* [Task description]: Repeat the lines of the data exactly and exclude any picture among them.

* [Given material]:

%%

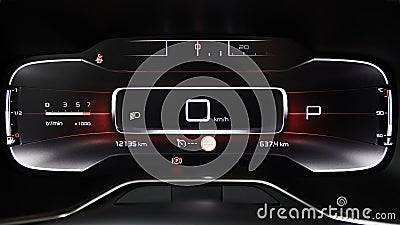 Car dashboard panel with speedometer, tachometer, odometer, fuel gauge and gear position indicator. Stock Photo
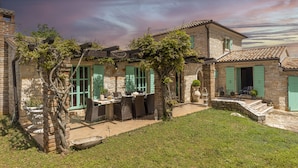 A stone house with a patio, green shutters, and a garden. - Le Chateau (Visnjan)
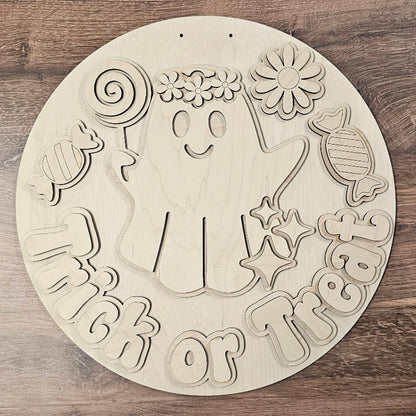 Wooden cutout with Halloween-themed design on a wooden surface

%%

* [Exercise output]:
 Car dashboard panel with speedometer, tachometer, odometer, fuel gauge and gear position indicator. Stock Photo
 A stone house with a patio, green shutters, and a garden. - Le Chateau (Visnjan)
 Wooden cutout with Halloween-themed design on a wooden surface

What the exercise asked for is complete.